* Work item
Would you return the data below exactly as it stands, with every picture left out?

* Dataset records
——————
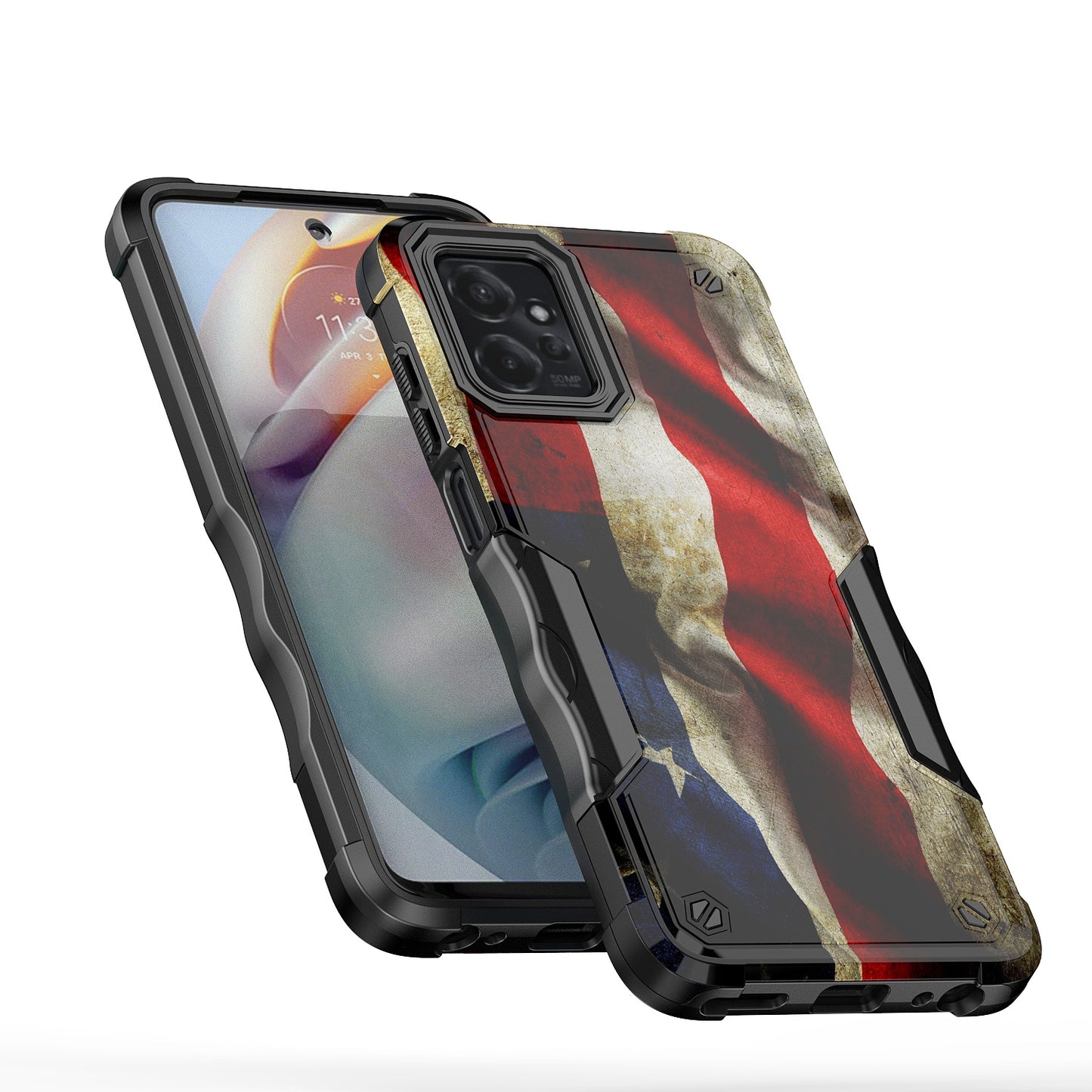 Case For Motorola Moto G Power 5G (2023) - Hybrid Grip Design Shockproof Phone Cover - American Flag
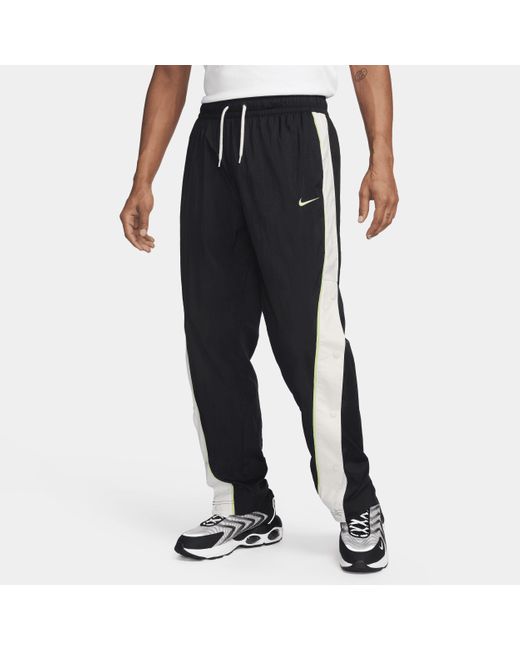 Nike Black Woven Basketball Trousers Polyester for men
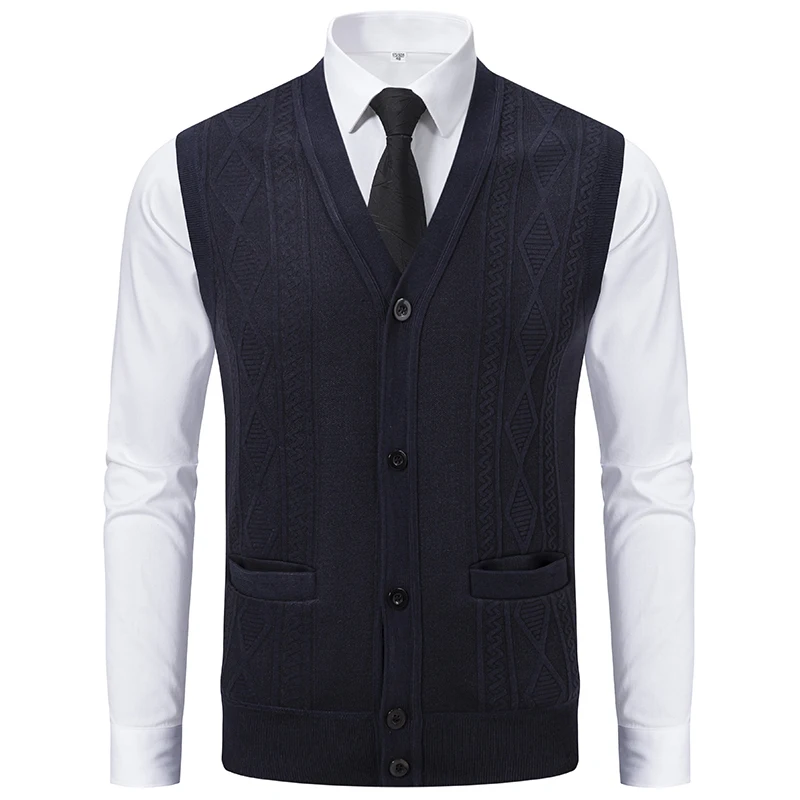 Gilet sans manches maille retro – Image 8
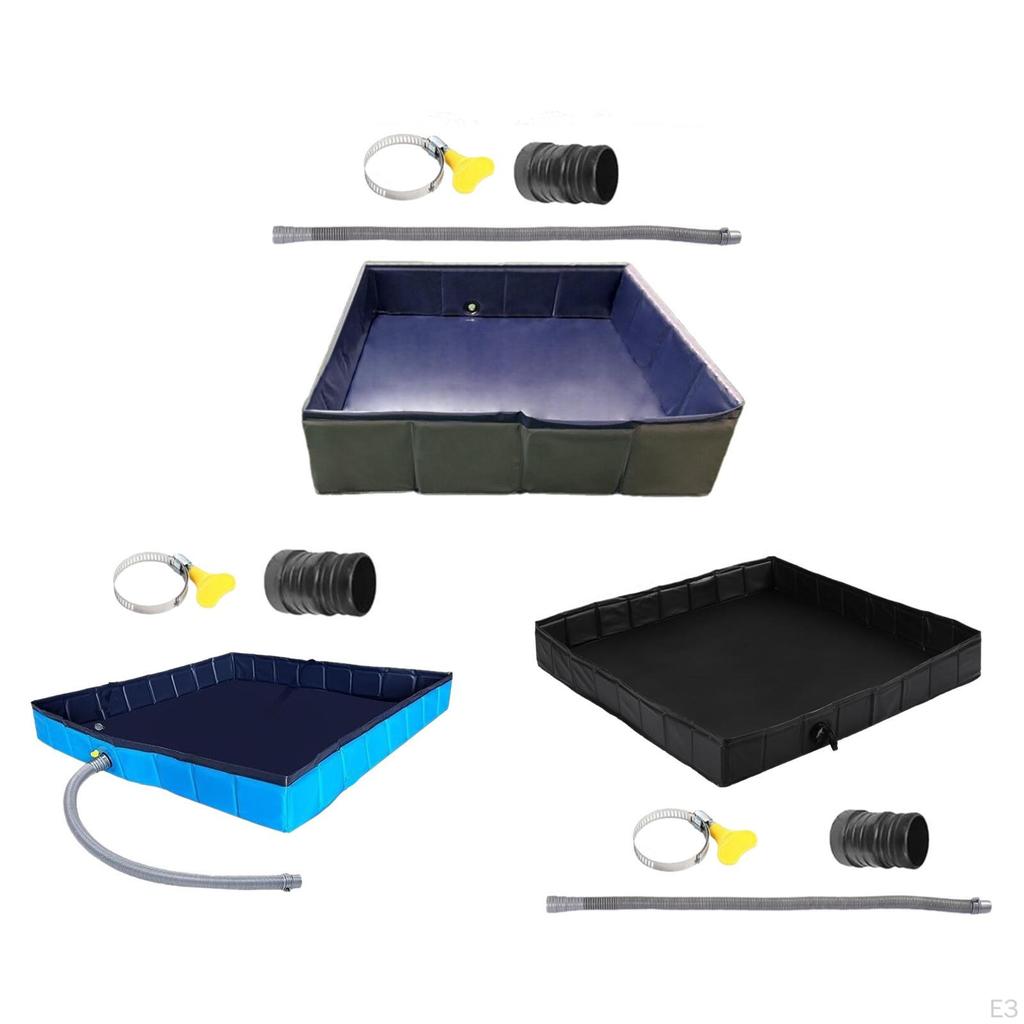 Camping Shower Base Floor Portable Foldable Pan Versatile Supplies Showers Tent Awning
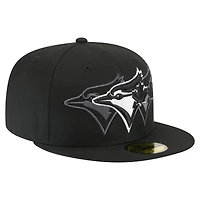 Men's New Era Black Toronto Blue Jays Tri-Hit 59FIFTY Fitted Hat
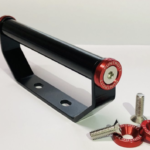 Poignée avec rondelles anodisées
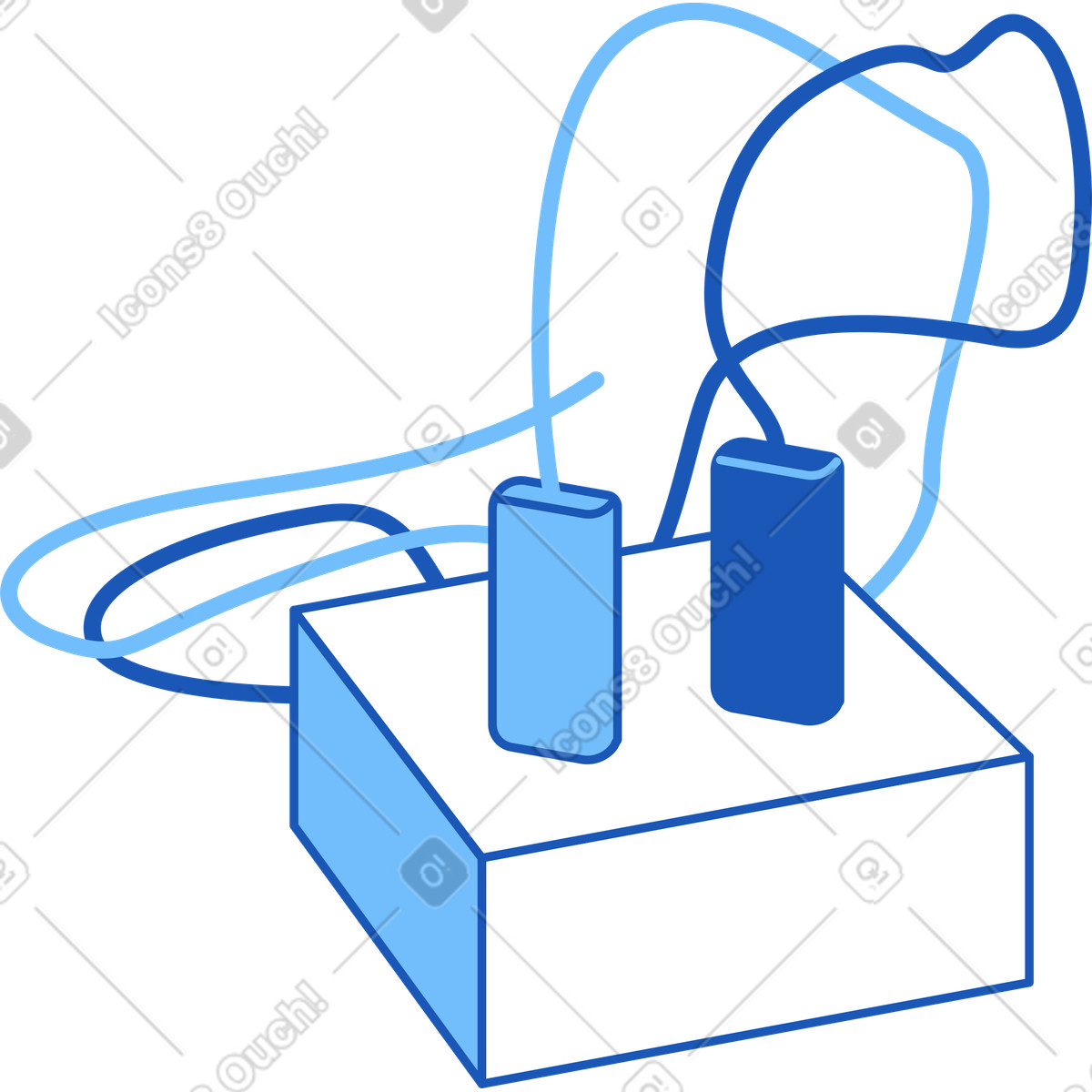 Wiring box illustration in Storyline style download in PNG, SVG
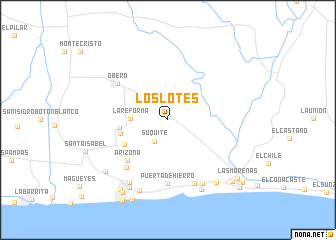 map of Los Lotes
——————
* Solution to the exercise
 Case For Motorola Moto G Power 5G (2023) - Hybrid Grip Design Shockproof Phone Cover - American Flag
 Nike Black Woven Basketball Trousers Polyester for men
 Gilet sans manches maille retro – Image 8
 Camping Shower Base Floor Portable Foldable Pan Versatile Supplies Showers Tent Awning
 Men's New Era Black Toronto Blue Jays Tri-Hit 59FIFTY Fitted Hat
 Poignée avec rondelles anodisées
 Wiring box illustration in Storyline style download in PNG, SVG
 map of Los Lotes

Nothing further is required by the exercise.